As has been said, this legislation, along with the movement towards rectifying the difficulties due to the judgment, is welcome and needs to be progressed as quickly as possible. However, there are other serious issues that we all need to consider. When we think of Ireland as an island nation, the large territorial waters we have around our island and our maritime tradition, and the fact the investigation board that is in place is part-time, poorly funded, with an ad hoc structure and without the same level of commitment from Government that other agencies have, it is a poor reflection on how past Governments and the present Government have invested in the safety of people who are at sea and, as was mentioned, on the inland waterways as well. I am conscious that when we look at other agencies, such as the aviation units and units dealing with rail, or when we look internationally at the maritime investigation units in other countries which are practically landlocked and perhaps have a small coastline, but have multiples of the investment which we put in, it is a poor reflection given where we need to go.

Mention was made of the fact we have had a large number of tragedies over the decades, where, unfortunately, many people in our fishing community have been lost at sea and in other incidents as well. Our hearts always go out to those people because even those of us who may not go on the waterways or out to sea very often recognise the huge risk that people take when they go to sea and the danger they face in all of that. Yet, they continue to do it to make a livelihood, to try to survive and to feed their families, and to contribute to often dwindling coastal communities, which are under extreme pressure in many cases. The fact the State is seen to take it in such a derisory way, given the amount of money that is put in place and the level of commitment for this unit, is reflected in what has happened up to now.

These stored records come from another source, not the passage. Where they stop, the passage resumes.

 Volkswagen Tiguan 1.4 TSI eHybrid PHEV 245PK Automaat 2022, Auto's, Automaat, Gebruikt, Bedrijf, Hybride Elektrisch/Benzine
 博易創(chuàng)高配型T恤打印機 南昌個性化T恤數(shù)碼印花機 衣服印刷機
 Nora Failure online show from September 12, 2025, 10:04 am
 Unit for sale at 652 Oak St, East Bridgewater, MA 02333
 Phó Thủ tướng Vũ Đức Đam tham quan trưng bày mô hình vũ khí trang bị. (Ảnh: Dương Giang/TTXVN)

What we need to see is not just this legislation being expedited as quickly as possible, and we recognise the urgency of this, but, clearly, a whole new framework needs to be put in place. I hope the Clinch report will deliver the template for that to happen. That report needs to be published as quickly as possible and, then, we can get to the real work of delivering its recommendations. I encourage the Minister and the Government to do that as quickly as possible.

I do not know how many times I have stood in this House to criticise our lax record on implementing EU directives. We are constant laggards when it comes to EU law, and that goes across Departments, but in this particular case, instead of delaying the implementation, we seem to have just pretended that we had properly transposed the legislation and hoped the European Commission would not notice there were two departmental officials sitting on the independent Marine Casualty Investigation Board. Of course, not only were we knowingly going against an EU directive - because I do not for one instant believe that the Department thought this arrangement constituted independence - we also knowingly went against established best practice.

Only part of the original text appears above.